*Try it:* For this exercise, restate word for word only the lines from the one containing "In Mongolia A" through the last line below. Pictures do not get copied.

[Image-text web data]

----

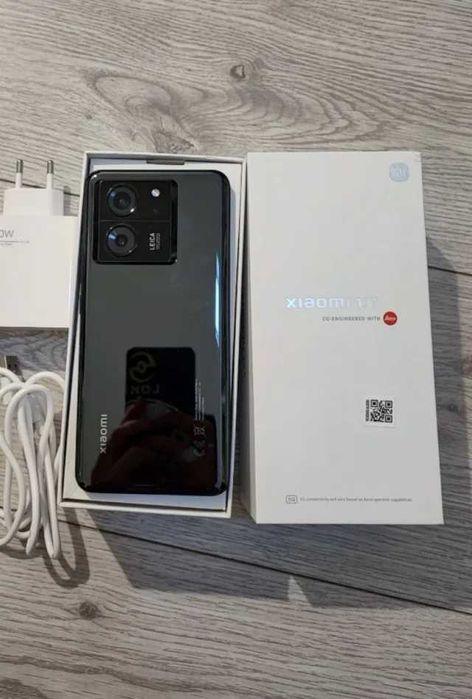 Xiaomi 13T black 8gb/256gb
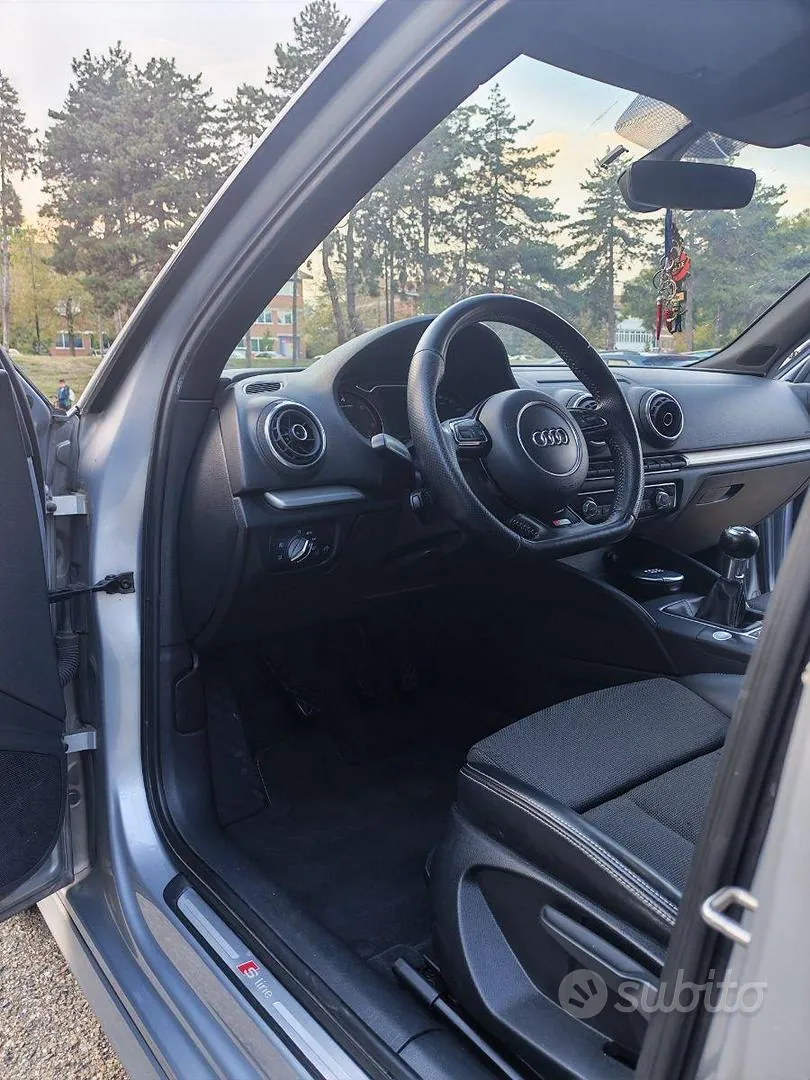 Audi A3 2016 photo 4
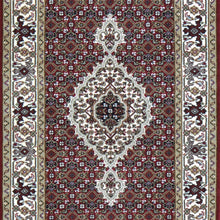 Load image into Gallery viewer, Hand-Knotted Indo Tabriz Design Handmade Wool Rug (Size 2.7 X 10.0) Brral-3864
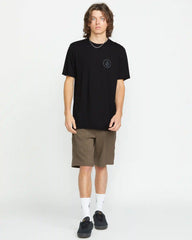 Men's Stone Tech Short Sleeve Tee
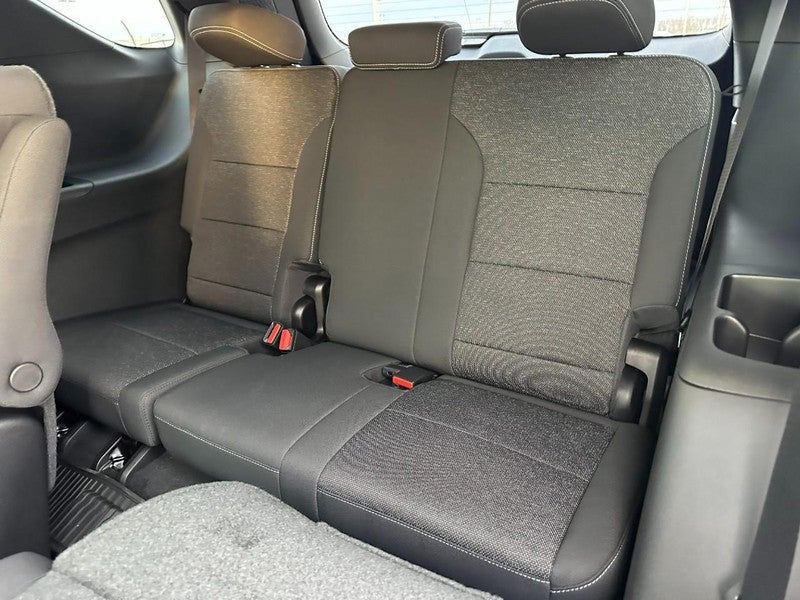 2026 Chevrolet Traverse FWD 4dr LT w/1LT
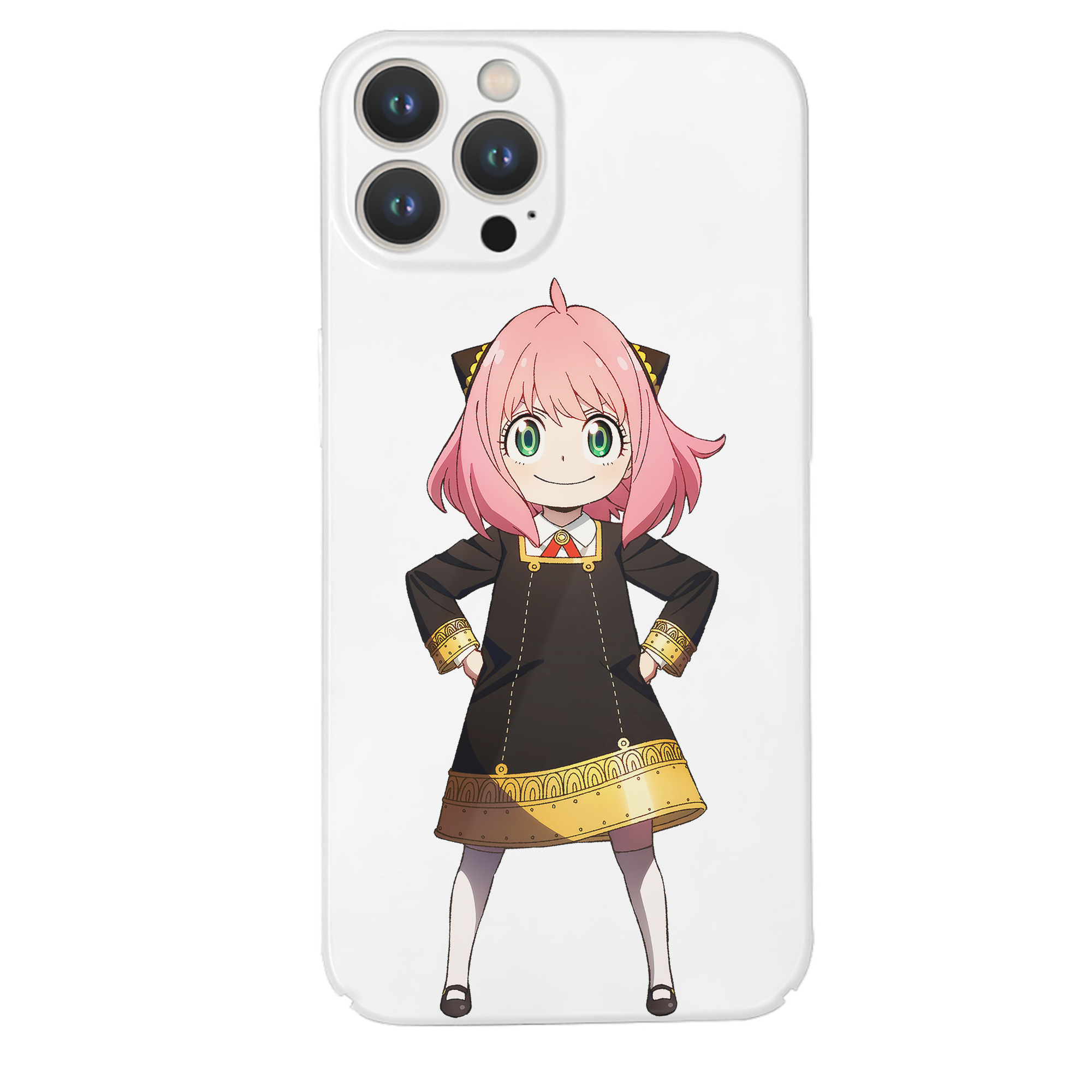 （画像用） SPY×FAMILY间谍家家酒 【iPhone 14シリーズ対応】ハードケース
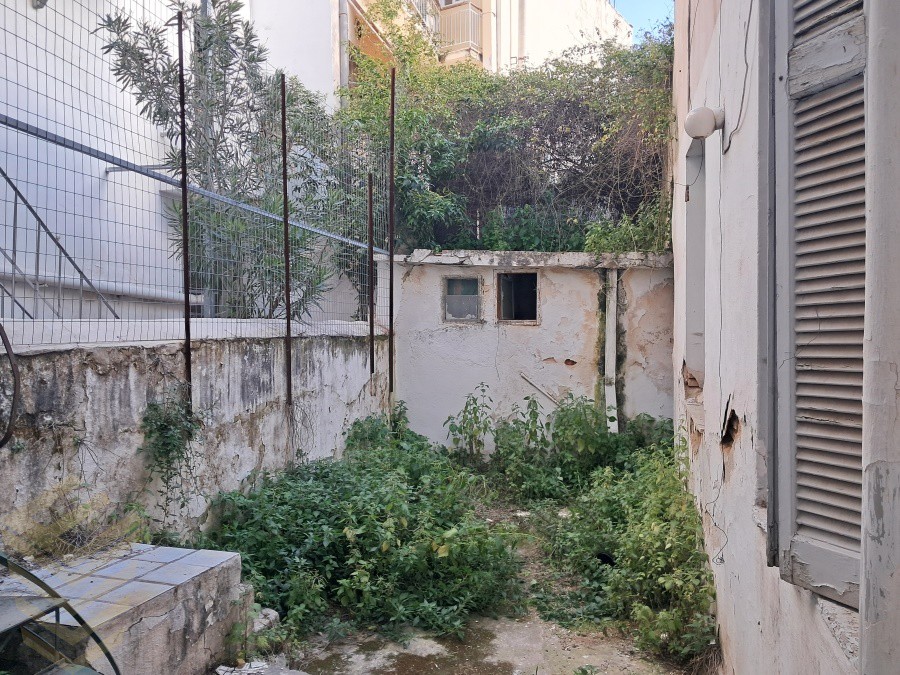 Οικόπεδο 139,23 τ.μ. πρός πώληση, Αθήνα - Κέντρο, Σεπόλια - Σκουζέ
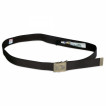 Ремень Tatonka Uni Belt 38mm black, 2869.040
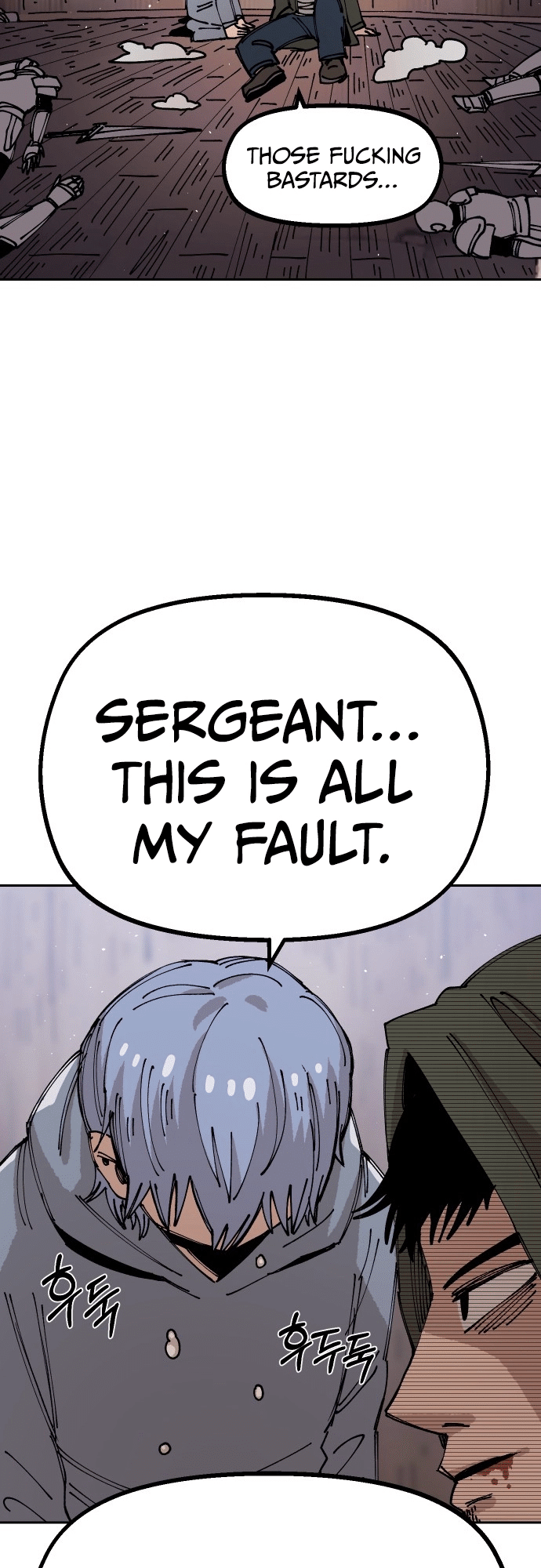 Reincarnation of the Veteran Soldier - Chapter 25 Page 47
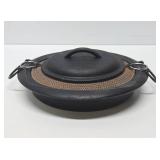 Quality signed Japanese Cast Iron Cookware
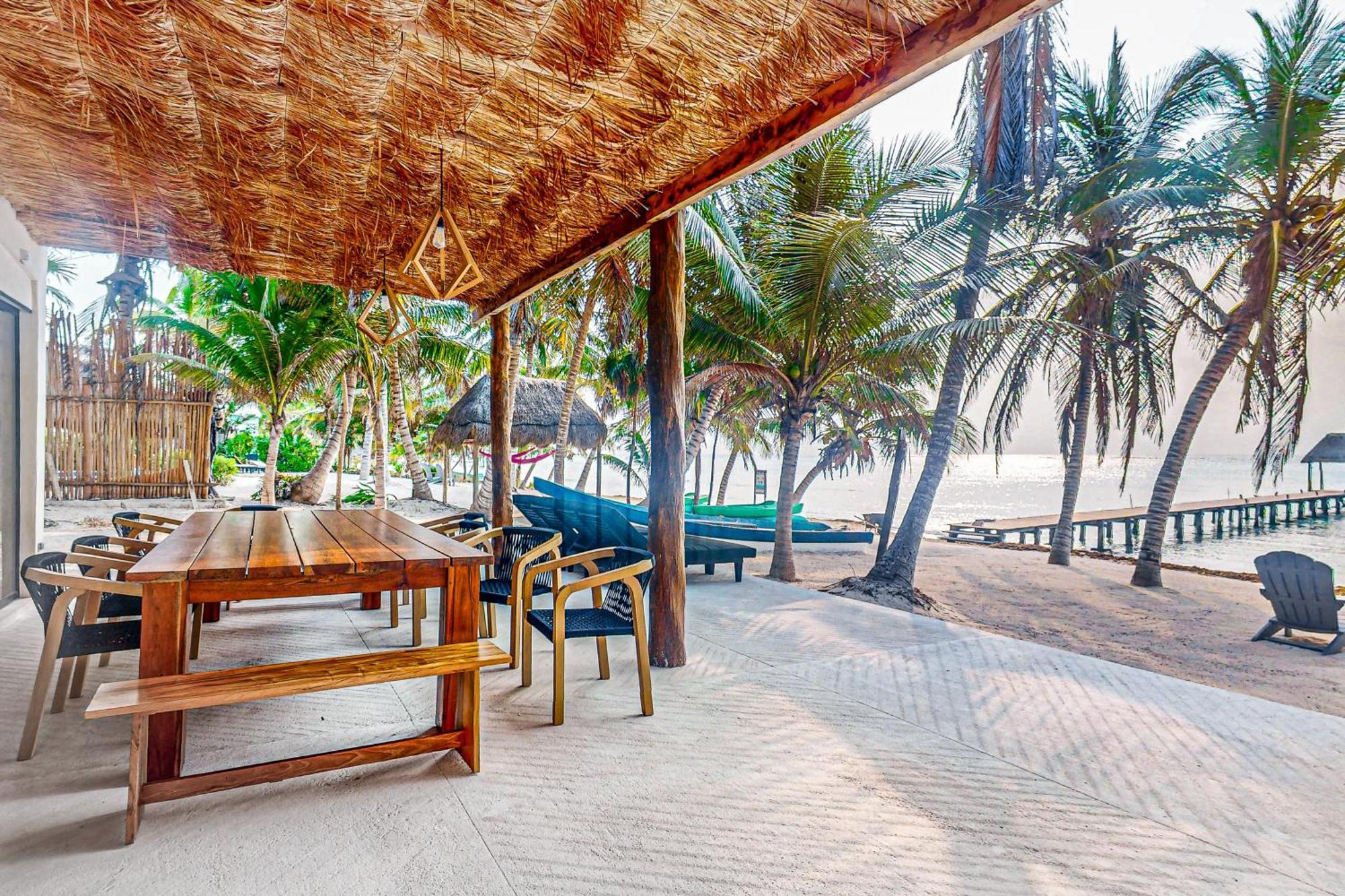 Tankah 7 Cielo Сasa de vacaciones Tulum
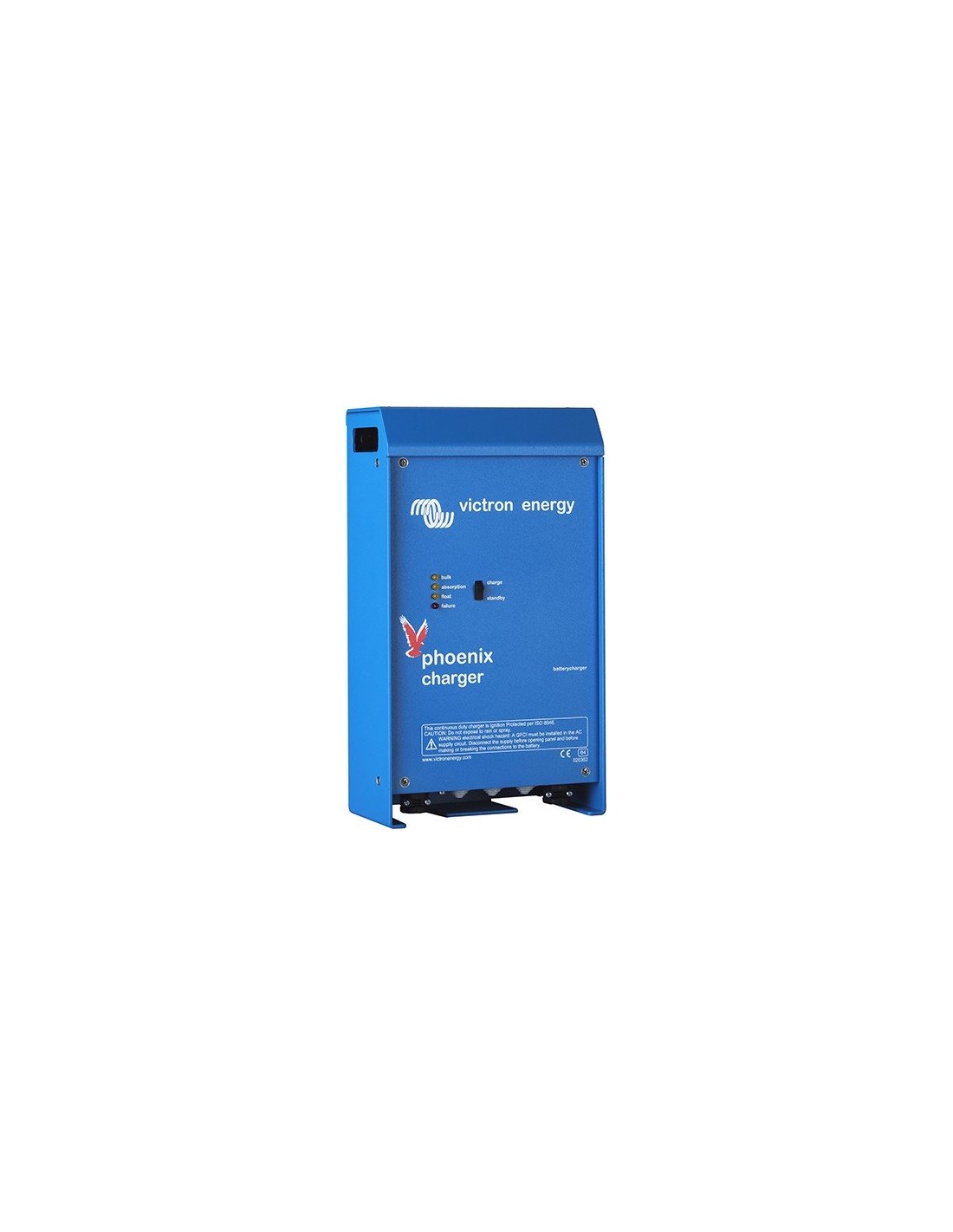 nix 24/16 (2Ladegerät 16A 24V Victron Energy Phoe+1)
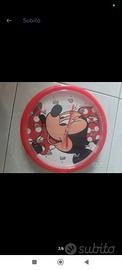Orologio Minnie cameretta 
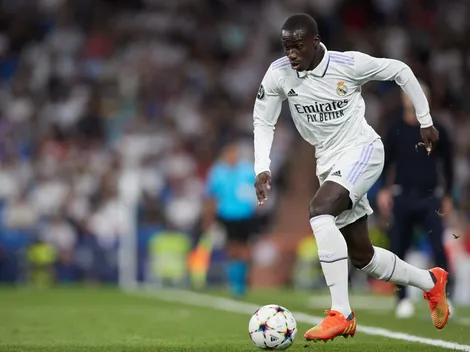 Real Madrid pode perder Mendy, mas já prepara substituto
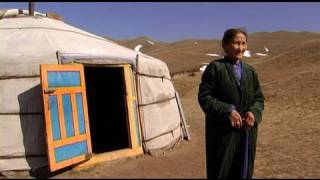 In Mongolia A Changing Nomadic Way Of Life [upl. by Caassi]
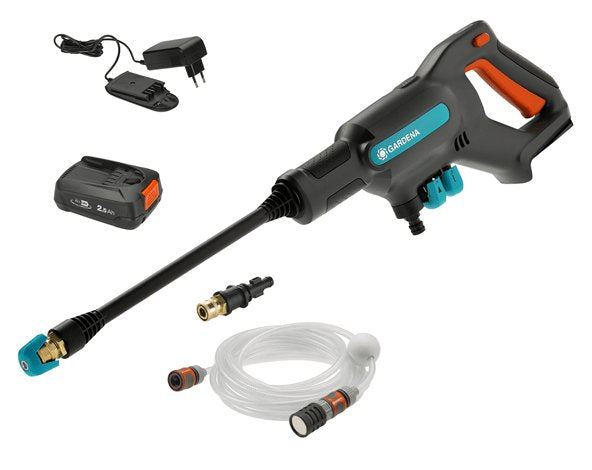 Hidrolimpiadora Gardena 14800-20 Hidrolimpiadora De Media Presión Aquaclean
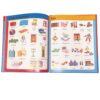 image485750664.jpg My First 500 Words and Pictures Vocabulary Padded Hardback Book Baby Toddler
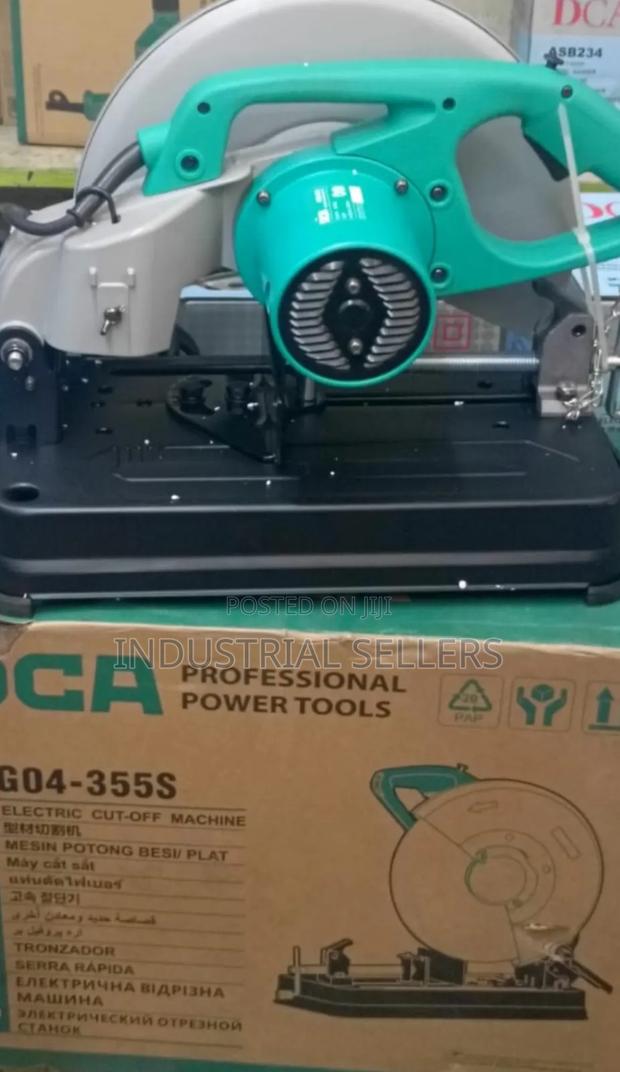 Warranted Dca Cut Off Machine - main view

----

*Result of the task:*
 In Mongolia A Changing Nomadic Way Of Life [upl. by Caassi]
 Hidrolimpiadora Gardena 14800-20 Hidrolimpiadora De Media Presión Aquaclean
 image485750664.jpg My First 500 Words and Pictures Vocabulary Padded Hardback Book Baby Toddler
 Warranted Dca Cut Off Machine - main view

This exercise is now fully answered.